Im Bild oben: Kinder entzünden in Stans Weihnachtskerzen. (Foto: Keystone)

Liebe Leserinnen und Leser, über die Festtage kann es etwas länger dauern, bis Ihre Kommentare freigeschaltet werden. Die Redaktion.

7 Kommentare zu «Fünf Gründe, Weihnachten zu lieben»

  • Lord Henry sagt:

    O je, da werden sie wieder über den armen Herrn Dr. herfallen (Nr.2, „keine Alternative zu Alkohol“), die ewig Omnikorrekten, die einem gerne sagen, wie überlegen sie sich durch Verzicht fühlen. Ohne Alkohol, ohne Fleisch, ohne Tabak…., ach ja, an dieser Stelle sei auch (zum Lesen) Robert Pfaller mal erwähnt…..
    So, ich geht nun mal in den Keller und hol‘ den 94er Haut Brion, untersuche diesen gründlich auf vermeintlichen Korkgeschmack und nehm‘ mich dann um die Ente an. Merry Cristmas !

    • Lord Henry sagt:

      Sorry, Merry Christmas natürlich ! Der, neben mir stehende, Vintage Port hat schon sein übriges getan……

    • ladylike sagt:

      Nein, nein, der Herr Dr. (nicht med.) kommt noch nicht dran. Nr. 2) Wie heisst es doch so schön, dosis facit venenum, die Dosis macht das Gift. Nach sieben Martinis könnte die Entspannung möglicherweise schon in den Modus Enthemmung übergehen, und die arme Tante Doris könnte doch noch mit der brutalen Wahrheit konfrontiert werden. Zum Wohl und weitere schöne Festtage!

    • diva sagt:

      hallo lord henry, als geniesserin all dieser feiertage mit allem drum und dran und als geniesserin von herrn doktors genialer sprache und jeweilige wortaktrobatik, werde ich nicht über ihn herfallen – ausser vielleicht wegen dem «ritalin»… aber es se ihm verziehen, denn der rest seiner betrachtungen ist exzellent wie immer… und so freue ich mich schon über seine weiteren abhandlungen im neuen jahr und wünsche mir, dass er diese blogs noch lange schreiben wird. sie bringen mich oft zum lachen. danke herr Tingler und frohe festtage!

    • Lord Henry sagt:

      Mylady(like), die zuviel getrunkenen parkerschen Martinis entfachen, je nach Gegenüber, unterschiedliche Zustände der Enthemmung. Man sollte sich also, je nach Vorhaben, entsprechend rüsten um zumindest theoretisch noch in der Lage sein, das zu tun, was man vor hatte zu tun……..
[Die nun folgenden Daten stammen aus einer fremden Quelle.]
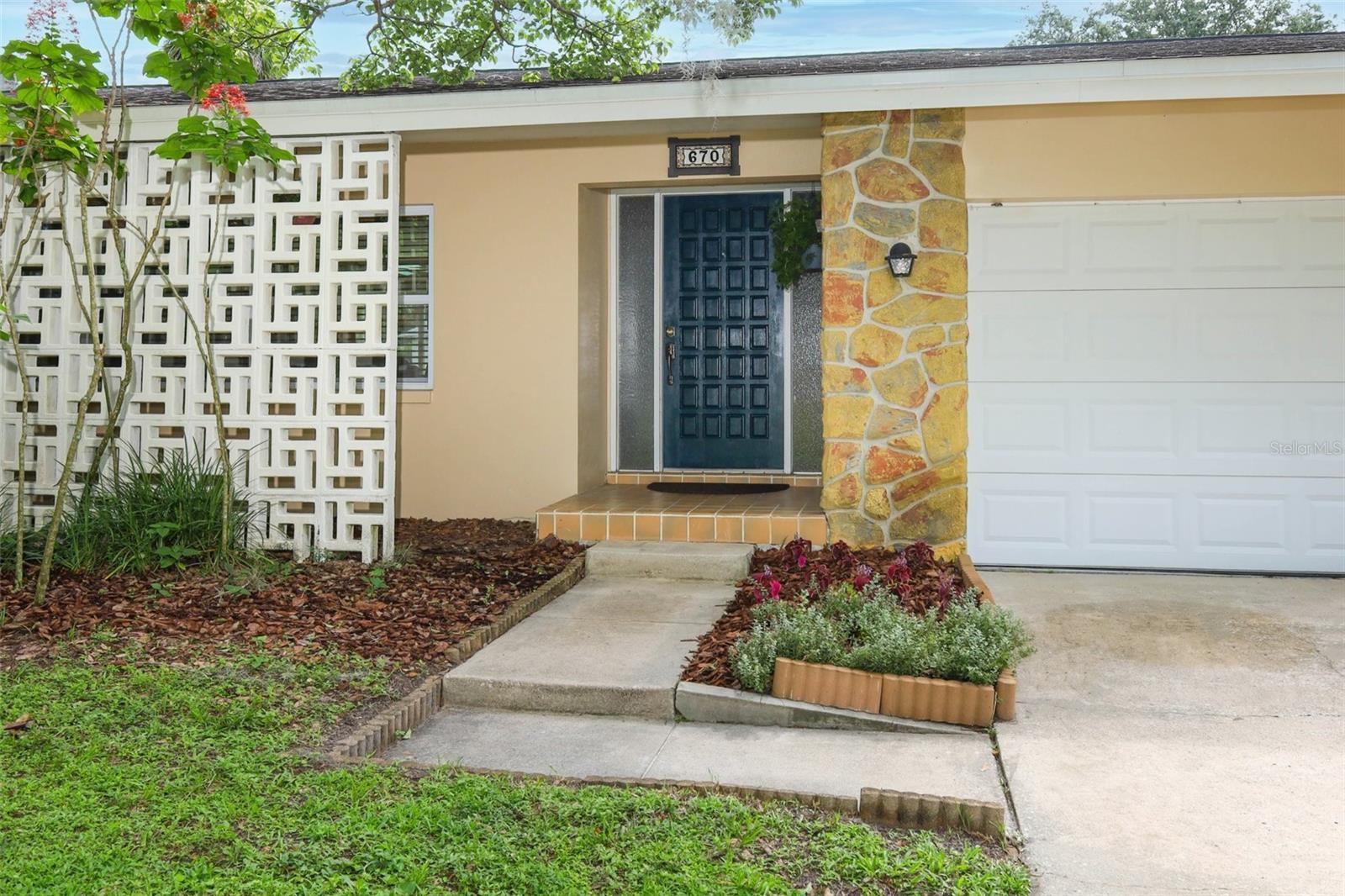 Property Photo: 670 Palm Drive FL 32765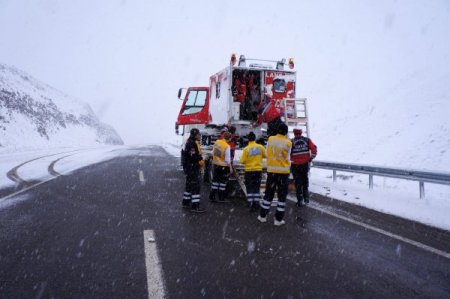 Hamile kadın, Snow Trac ambulansla hastaneye yetiştirildi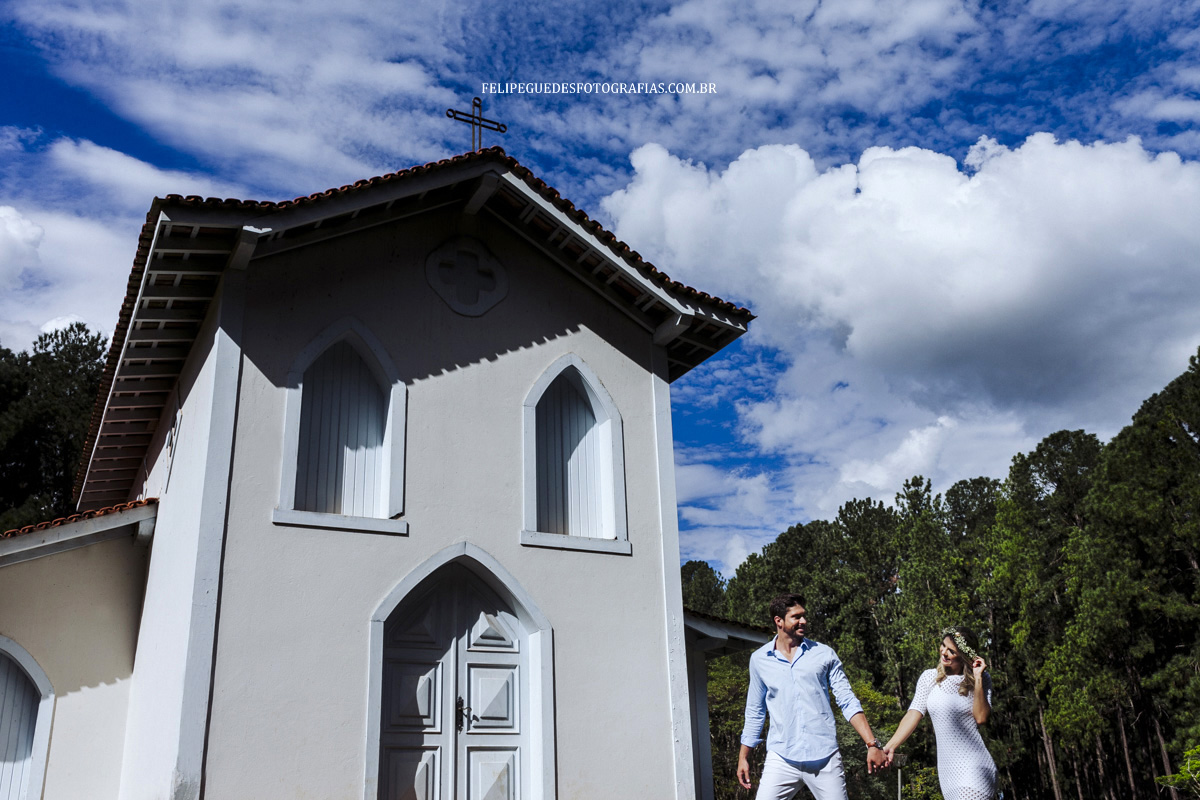 casal caminhando em frente a igreja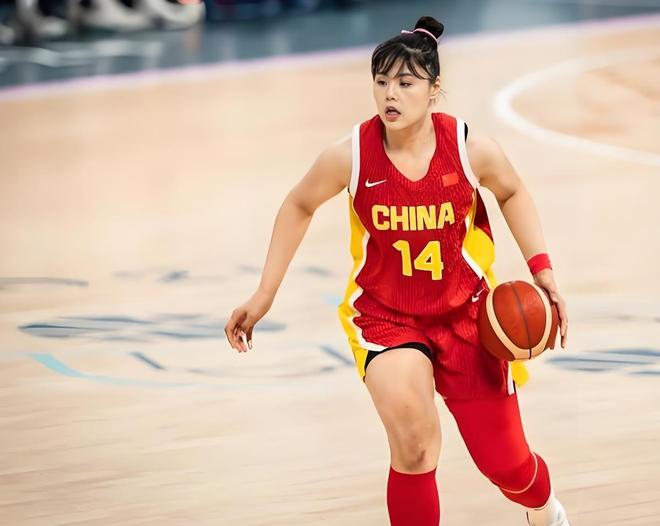 世预赛:中国女篮12人名单确定!2人落选,宫鲁鸣要出“大招”了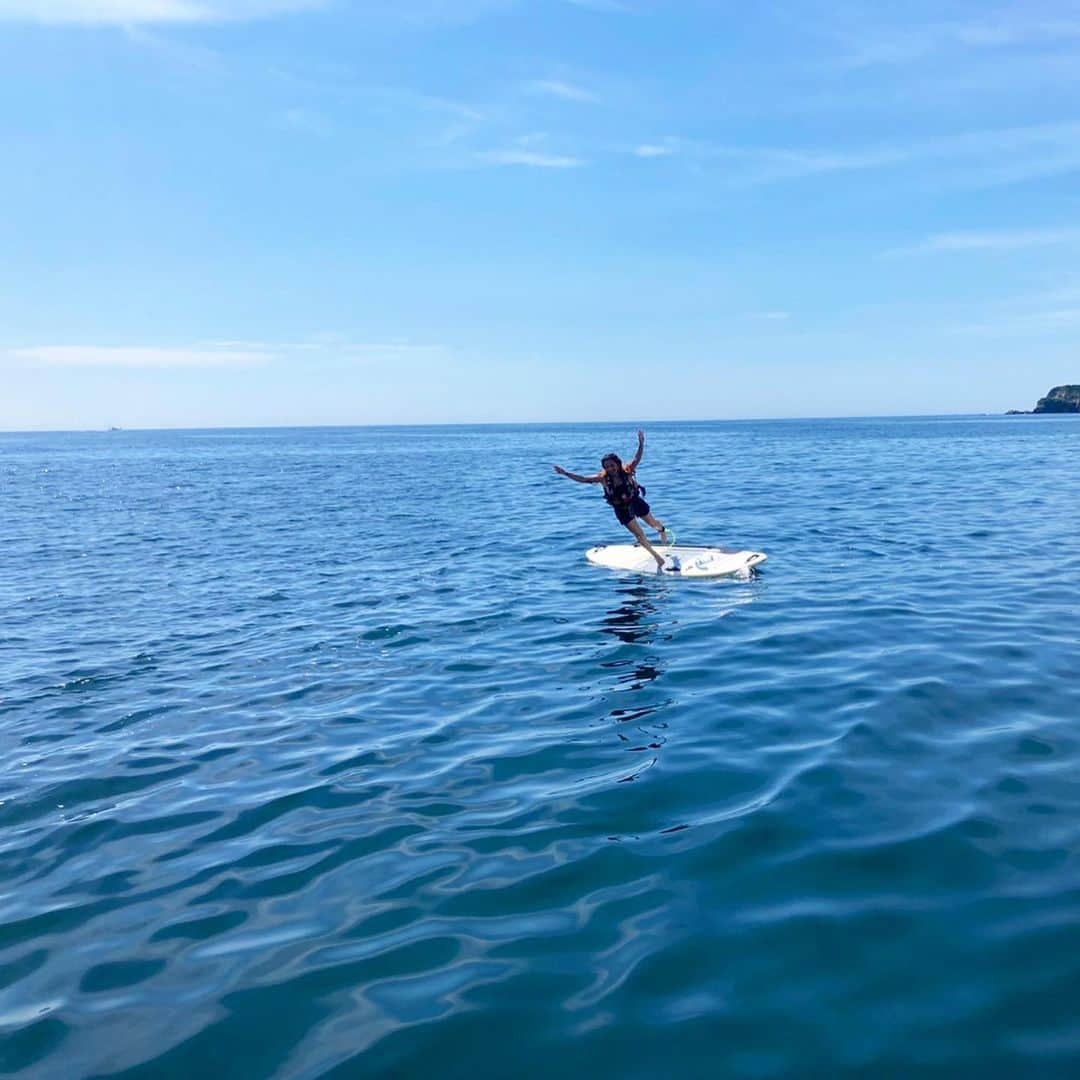 中島潮里さんのインスタグラム写真 - (中島潮里Instagram)「地元勝浦に帰った時にSUPをしました〜！！ めっちゃくちゃSUP日和！🌞 @malibu_point さんお世話になりました！ . 勝浦最高です！ 秋もまだまだ楽しめます🤲  . . 最近MEG2(サメ映画)🦈を見た私達。 沖で泳いでいたら相方がぼそっと、 "勝浦ってサメいないよね？"って、、🤣🤣🤣🤣 ホオジロザメは絶滅危惧種に近いし、勝浦にいたらすごいけどなあ、、と思いながらいないいないっていうわたし。 ぽつんと沖にいるとサメのことは考えたくないね😂 . .  #千葉県勝浦市#勝浦市#勝浦市グルメ#勝浦市の魅力を伝えたい#勝浦中央海水浴場#malibupoint#マリブポイント#SUP#サップ体験#猛暑日がない勝浦#勝浦朝市#勝浦アクティビティ#海を守るために私たちが出来ること#海を感じるライフスタイル#かつうらいふ#勝浦市観光」9月22日 17時45分 - whyte_shiori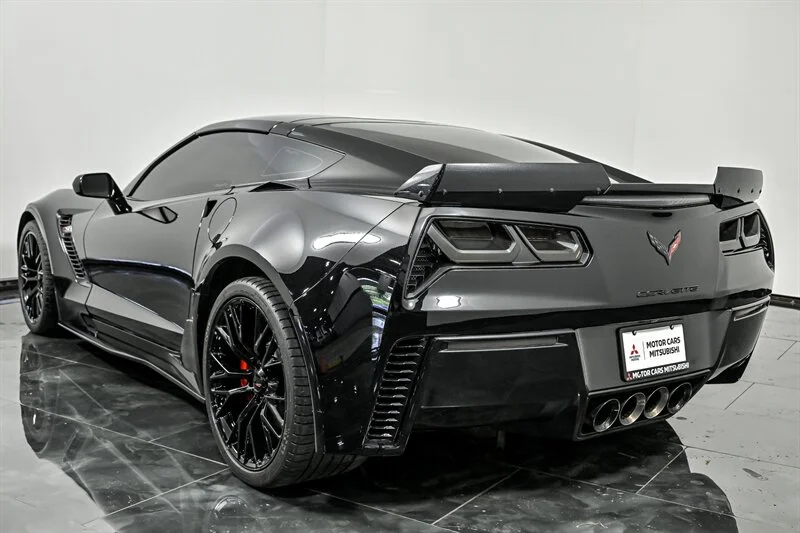 Used 2017 Black Chevrolet Z06 image 7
  • Philipp Rittermann sagt:

    wünsche allen, dass sie die fete ohne schwerere psychische schäden überstehen – siehe pkt. 3 vom herrn doktor – bin heute dran…..da ich sie abholen gehe, bin ich gezwungenermassen noch nüchtern. kein guter anfang….
    1) karten bekommen wir nur noch von leuten, die keinen mac besitzen. -> papierkorb.
    2) er spricht mir aus dem herzen
    3) das geht gut – einfach die jeweiligen intressensgruppen separat befeiern.
    4) forget about. meine liebsten sind das ganze jahr präsent – reine heuchelei.
    5) jaja der frieden….schätze heute so nach 23h wieder…. 8)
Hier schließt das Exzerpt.